PROBLEM DETAILS
Nothing but the line containing "Rolex Gmt Master" and the lines that follow it to the end of the material below should appear in the answer, each copied exactly.

((

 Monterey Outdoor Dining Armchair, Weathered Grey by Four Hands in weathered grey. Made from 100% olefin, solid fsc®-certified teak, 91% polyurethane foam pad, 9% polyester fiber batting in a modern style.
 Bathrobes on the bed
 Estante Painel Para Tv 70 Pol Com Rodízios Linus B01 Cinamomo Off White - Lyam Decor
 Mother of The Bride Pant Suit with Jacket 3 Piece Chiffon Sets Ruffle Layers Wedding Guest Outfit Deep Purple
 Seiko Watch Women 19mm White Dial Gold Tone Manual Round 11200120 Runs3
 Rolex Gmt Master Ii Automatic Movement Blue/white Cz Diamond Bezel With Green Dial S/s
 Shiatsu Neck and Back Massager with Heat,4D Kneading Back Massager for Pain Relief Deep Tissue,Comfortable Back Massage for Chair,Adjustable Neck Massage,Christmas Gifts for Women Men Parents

))

TASK ANSWER
 Rolex Gmt Master Ii Automatic Movement Blue/white Cz Diamond Bezel With Green Dial S/s
 Shiatsu Neck and Back Massager with Heat,4D Kneading Back Massager for Pain Relief Deep Tissue,Comfortable Back Massage for Chair,Adjustable Neck Massage,Christmas Gifts for Women Men Parents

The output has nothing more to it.